Hasta ahí las diferencias sustantivas, respecto de España, que permiten a México vislumbrar mejores perspectivas.
Ahora, vayamos a las semejanzas porque ahí se encierran lecciones valiosas: 1. Ambos países padecemos una legislación laboral tan rígida e improductiva que desalienta al más valiente de los emprendedores, 2. Ambos países, y en esto México está peor que España, sufrimos de un agobiante intervencionismo en mercados y en áreas cruciales de la economía; tal intervencionismo lo mismo es producto de monopolios gubernamentales cada día menos manejables (en México, los energéticos) que de sectores en los cuales la libre competencia es una entelequia, y 3. Ambos países penamos a causa de una clase política estrecha de miras, cobarde, ávida de rentas electorales y profundamente anti-liberal, ya sea de derecha o de izquierda.

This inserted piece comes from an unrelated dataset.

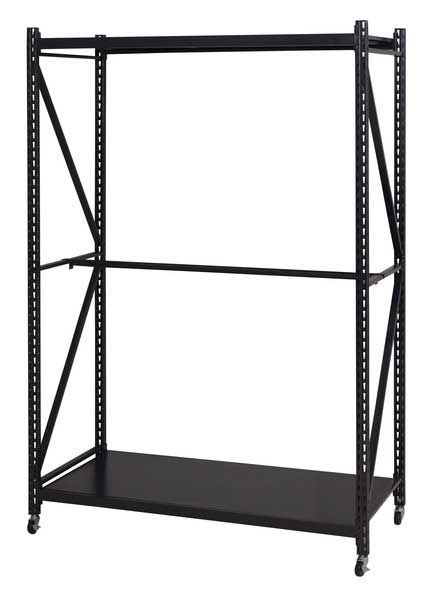 スチール製のラルドボルトレスシェルフ ハンマートーン仕上げ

Hoy queda claro que en España fracasó la apuesta de que la incorporación al sistema monetario europeo bastaría para sacudir a la clase política y la obligaría a realizar las reformas estructurales indispensables, empezando por una reforma laboral que flexibilizara de veras los despidos y, con ellos, las contrataciones. Los pocos españoles que dijeron en su momento: “Primero las reformas completas; después la integración”, tenían razón.
La integración dio a los españoles abundancia de crédito, tasas de interés bajas y mayor movilidad de bienes en el mercado común, pero los políticos no hicieron la tarea. Ahora, urge hacerla. Y es una tarea de sangre, sudor y lágrimas. Grecia, cuya economía es unas cinco veces más pequeña que la de España, podrá acaso ser rescatada por la Unión Europea. España, no. Es demasiado grande.
La intoxicación ideológica que alimenta el “izquierdismo patético” del gobierno de Zapatero lo incapacita para la tarea: Sabe gastar mucho y mal; amén de fomentar el encono. No más. Tampoco los gobiernos conservadores, Aznar, hicieron en su momento sus deberes; al llegar a la asignatura de la reforma laboral se asustaron a sí mismos. Típico de algunos conservadores que conocemos también en México: Le temen como a la peste a que les digan “neoliberales desalmados”. Anhelan en vano, en México y en España, que “la izquierda” les guiña un ojo, los invite a su fiesta y les perdone la vida. Así no se puede.
Lecciones para nosotros las hay, sin duda.